Obtain configuration of model deployed on the Triton Inference Server.

Also waits for server to get into readiness state.

__aenter__ async

__aenter__()

Create context for use AsyncioModelClient as a context manager.

Source code in pytriton/client/client.py
async def __aenter__(self):
    """Create context for use AsyncioModelClient as a context manager."""
    _LOGGER.debug("Entering AsyncioModelClient context")
    try:
        if not self._lazy_init:
            _LOGGER.debug("Waiting in AsyncioModelClient context for model to be ready")
            await self._wait_and_init_model_config(self._init_timeout_s)
            _LOGGER.debug("Model is ready in AsyncioModelClient context")
        return self
    except Exception as e:
        _LOGGER.error("Error occurred during AsyncioModelClient context initialization")
        await self.close()
        raise e

__aexit__ async

__aexit__(*_)

Close resources used by AsyncioModelClient when exiting from context.

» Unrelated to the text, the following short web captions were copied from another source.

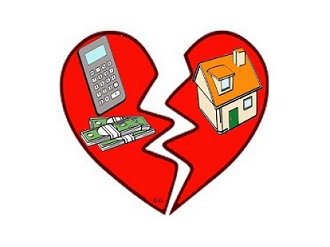Colloque du 26 février 2016 à la Faculté de Droit de Nice - Les enjeux patrimoniaux de la séparation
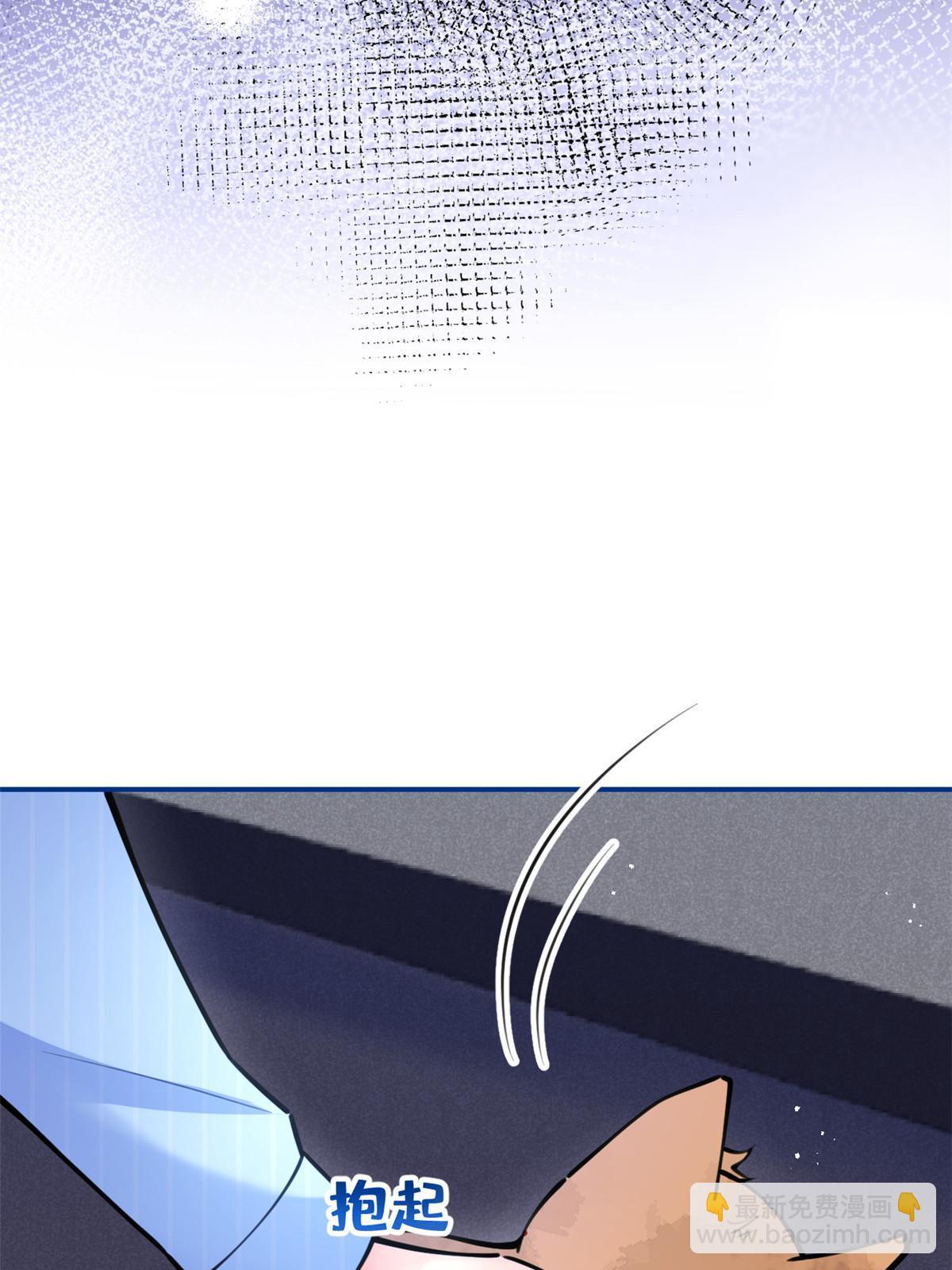 15619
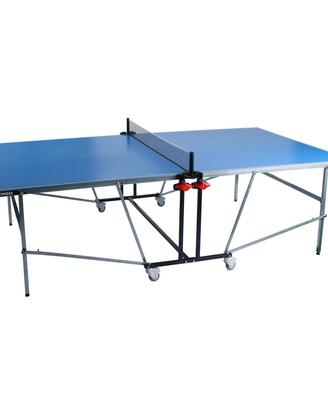 Tavolo da Ping Pong Outdoor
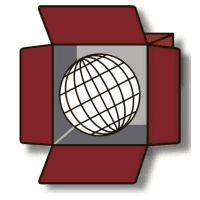 Cal-Pak, Inc Logo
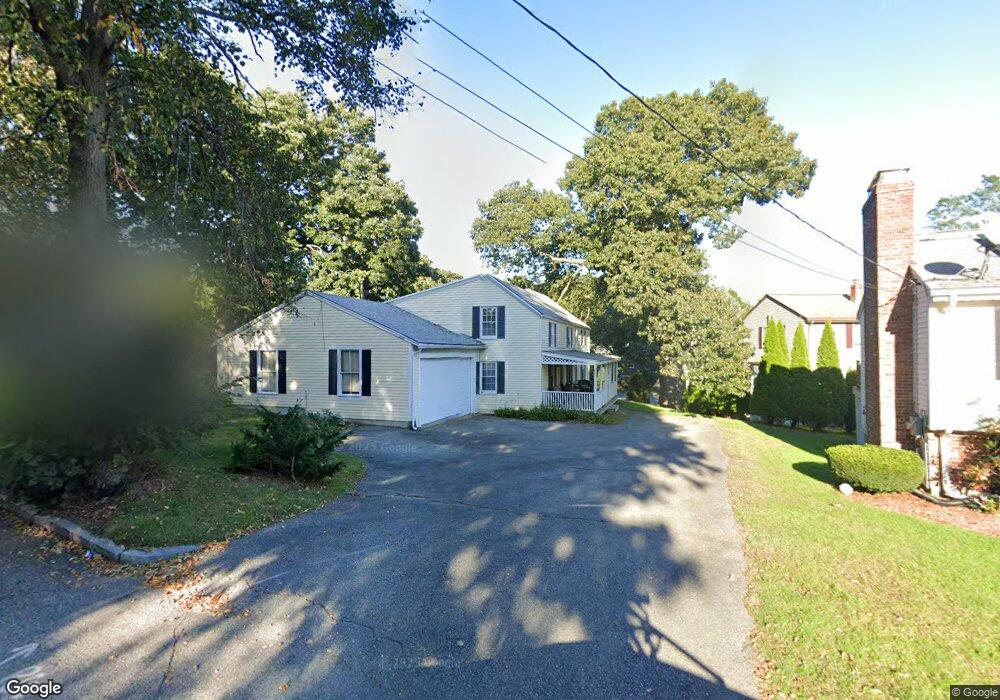 62 Dickson Ave, Arlington, MA 02474 - photo 1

Source code in pytriton/client/client.py
async def __aexit__(self, *_):
    """Close resources used by AsyncioModelClient when exiting from context."""
    await self.close()
    _LOGGER.debug("Exiting AsyncioModelClient context")

close async

close()

Close resources used by _ModelClientBase.

Source code in pytriton/client/client.py
async def close(self):
    """Close resources used by _ModelClientBase."""
    _LOGGER.debug("Closing InferenceServerClient")
    await self._general_client.close()
    await self._infer_client.close()
    _LOGGER.debug("InferenceServerClient closed")

create_client_from_url

create_client_from_url(url: str, network_timeout_s: Optional[float] = None)

Create Triton Inference Server client.

Parameters:

  • url (str) –

    url of the server to connect to. If url doesn't contain scheme (e.g. "localhost:8001") http scheme is added. If url doesn't contain port (e.g. "localhost") default port for given scheme is added.

  • network_timeout_s (Optional[float], default: None ) –

    timeout for client commands. Default value is 60.0 s.

Returns:

  • Triton Inference Server client.

Raises:

  • PyTritonClientInvalidUrlError

    If provided Triton Inference Server url is invalid.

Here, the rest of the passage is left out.